Problem requirements ▸ From the first line to the last, set down the material exactly and drop every picture.

Available data ▸

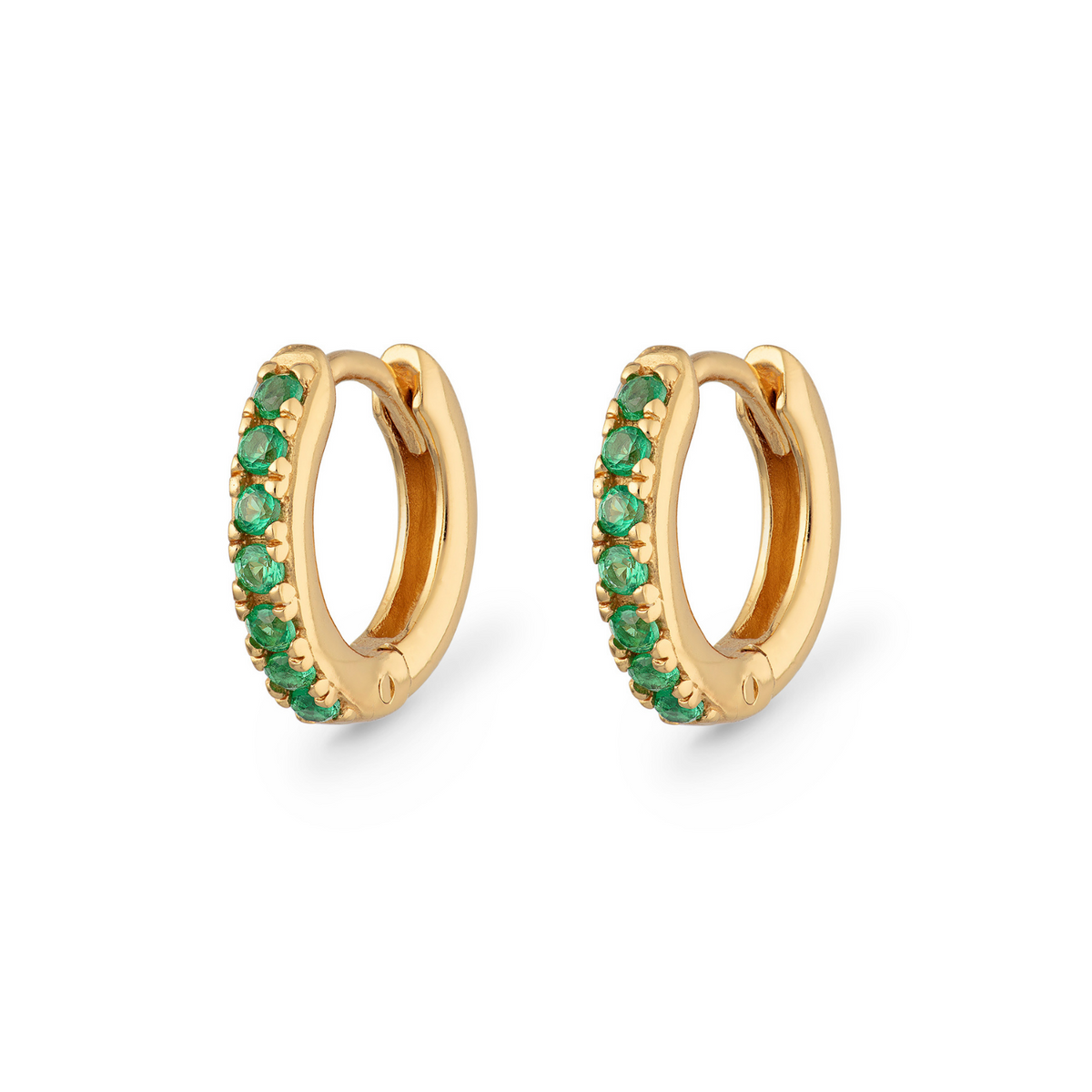 Huggie Earrings with Green Stones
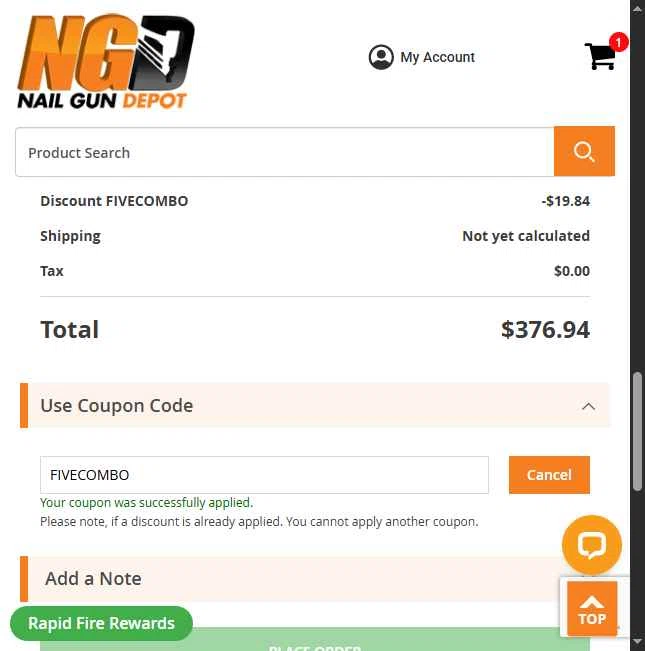 Nail Gun Depot checkout page showing Nail Gun Depot coupon code box | Screenshot taken by SimplyCodes community member on Jan 24, 2026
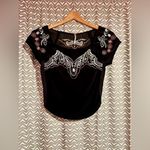 Free People  | Black Velvet Party Train Boatneck Top, Sz XS Photo 3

Response ▸
 Huggie Earrings with Green Stones
 Nail Gun Depot checkout page showing Nail Gun Depot coupon code box | Screenshot taken by SimplyCodes community member on Jan 24, 2026
 Free People  | Black Velvet Party Train Boatneck Top, Sz XS Photo 3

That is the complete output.